Provided information:
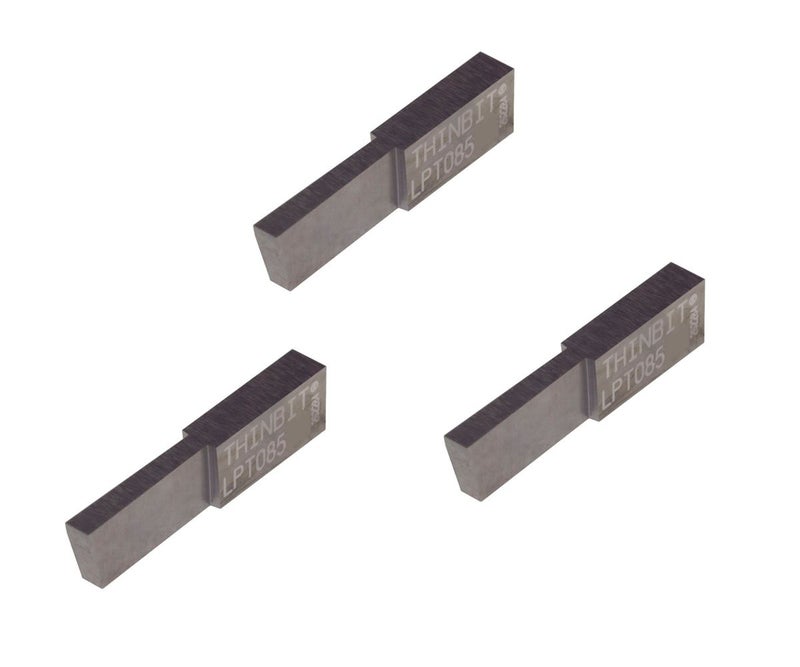 LITTLEBIT 3 Pack LPT085D2 THINBIT 'L' Series Parting Insert, Uncoated Carbide for Steel, cast Iron and Stainless Steel with Interrupted cuts - Image 1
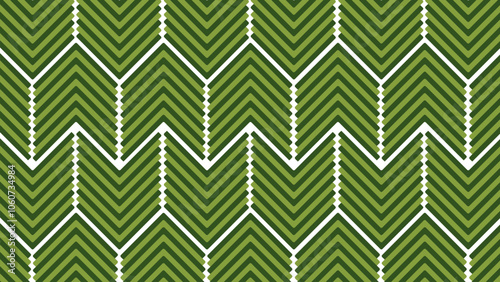 Seamless knitted green pattern background
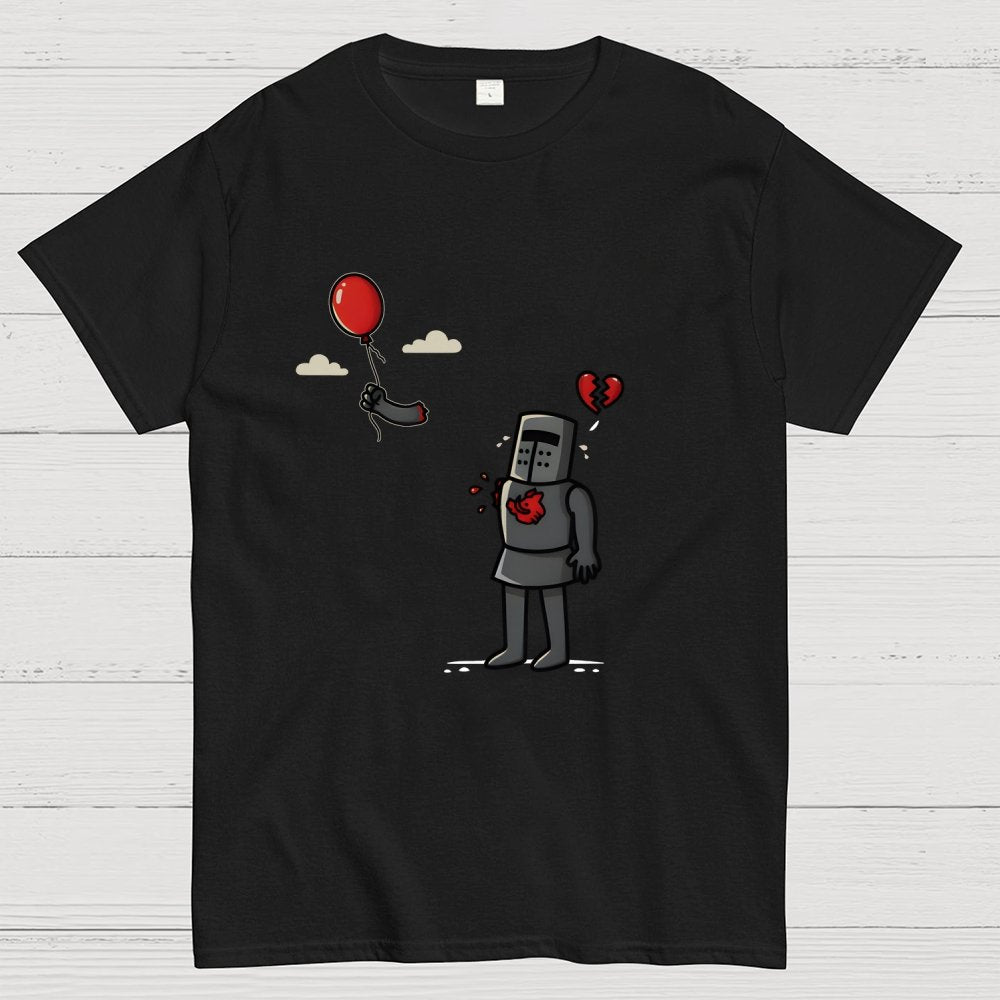 Knight With Balloon Geek T-Shirt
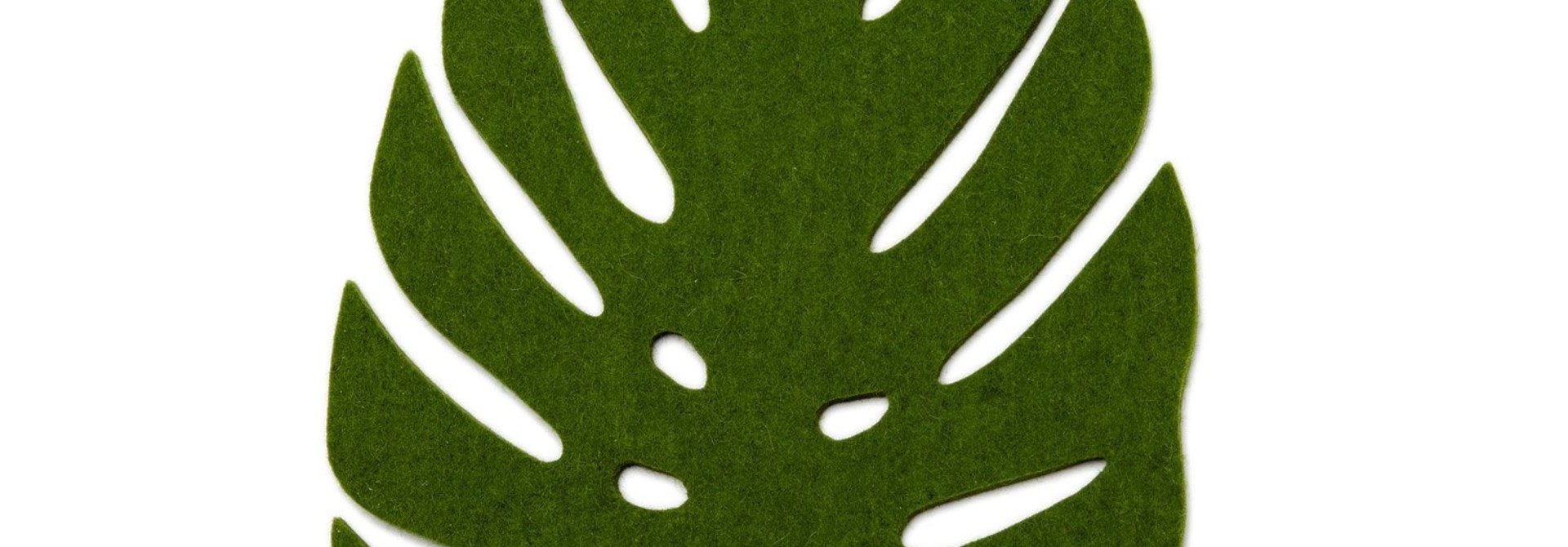 Monstera Trivet Small - Loden Green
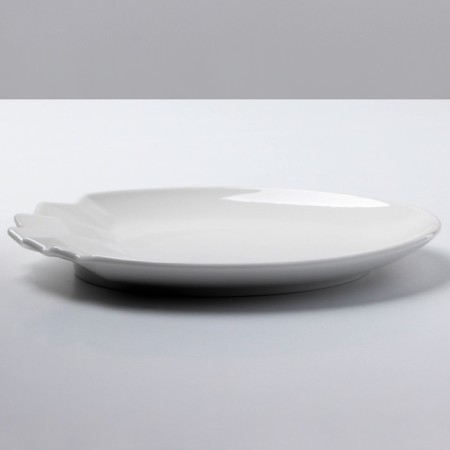 Ceramic Iceberg Ceramic plate, white, 17 cm, white color-2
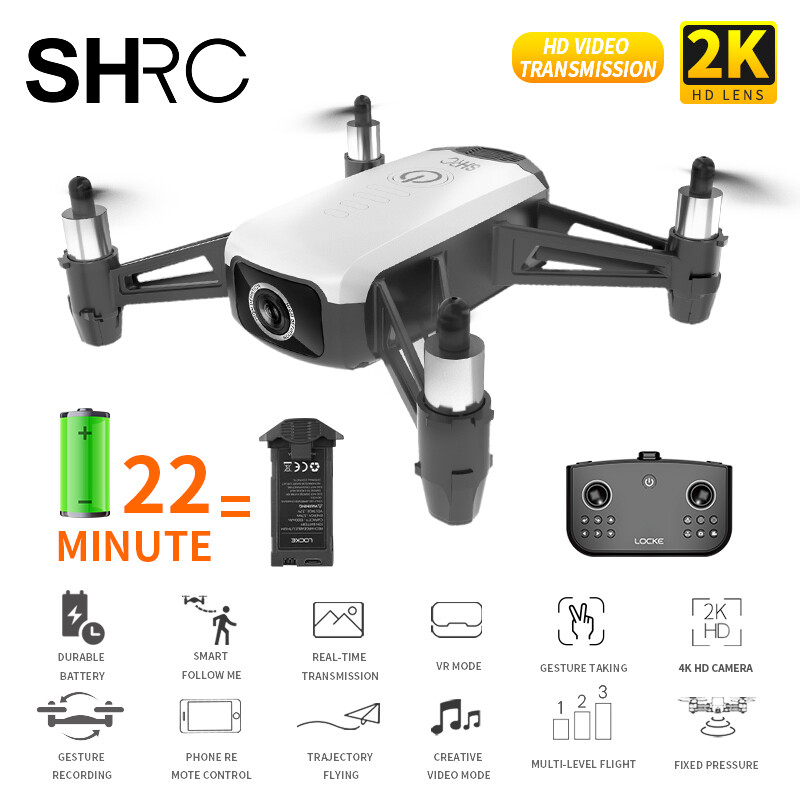 SHRC H2 Locke 2K HD CameraWiFi FPV RC Drone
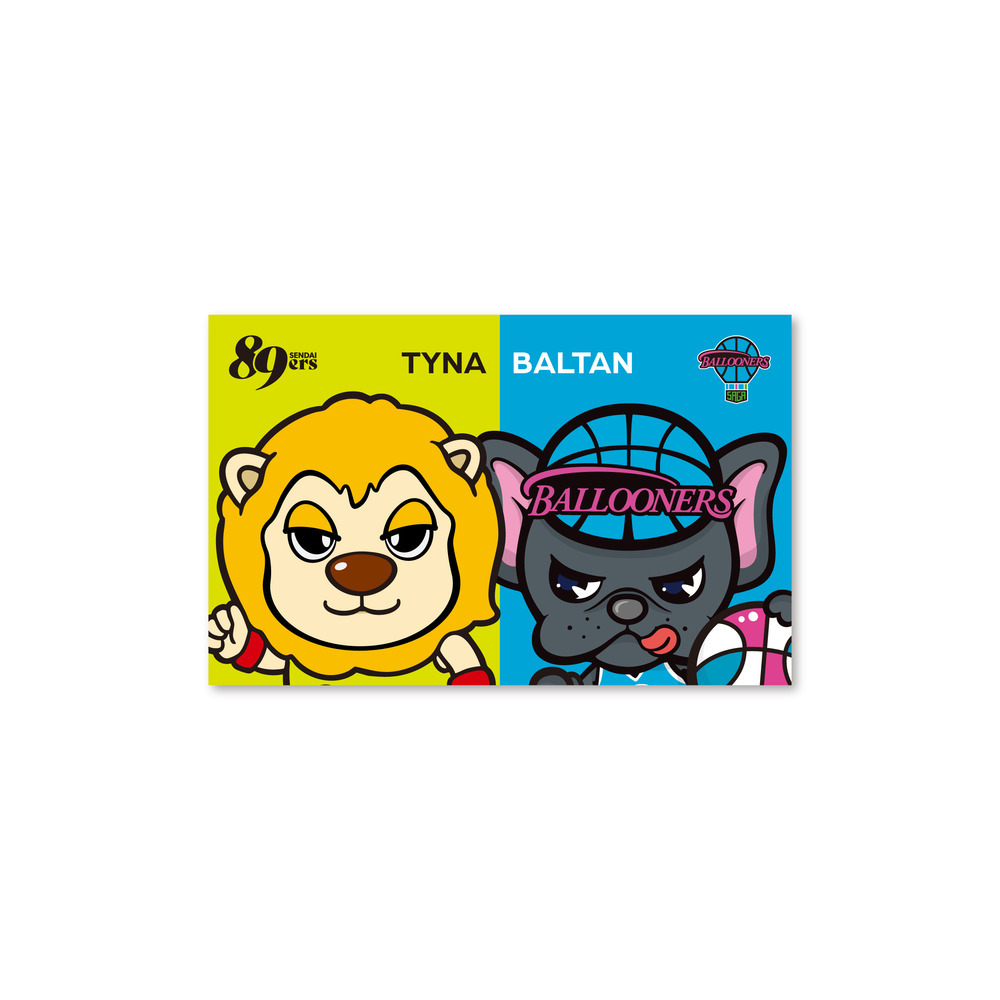 ティナ&times;バルたん コラボステッカー 詳細画像 1カラー 1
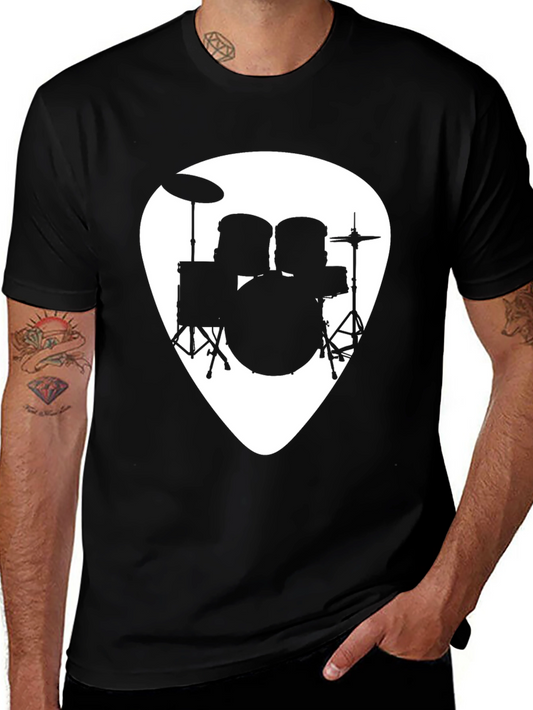 Drum Kit Graphic Tee - Music Lover Shirt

Task to carry out:
Type out each line of the records above exactly, skipping any pictures.

Written response:
 LITTLEBIT 3 Pack LPT085D2 THINBIT 'L' Series Parting Insert, Uncoated Carbide for Steel, cast Iron and Stainless Steel with Interrupted cuts - Image 1
 Seamless knitted green pattern background
 Knight With Balloon Geek T-Shirt
 Monstera Trivet Small - Loden Green
 Ceramic Iceberg Ceramic plate, white, 17 cm, white color-2
 SHRC H2 Locke 2K HD CameraWiFi FPV RC Drone
 ティナ&times;バルたん コラボステッカー 詳細画像 1カラー 1
 Drum Kit Graphic Tee - Music Lover Shirt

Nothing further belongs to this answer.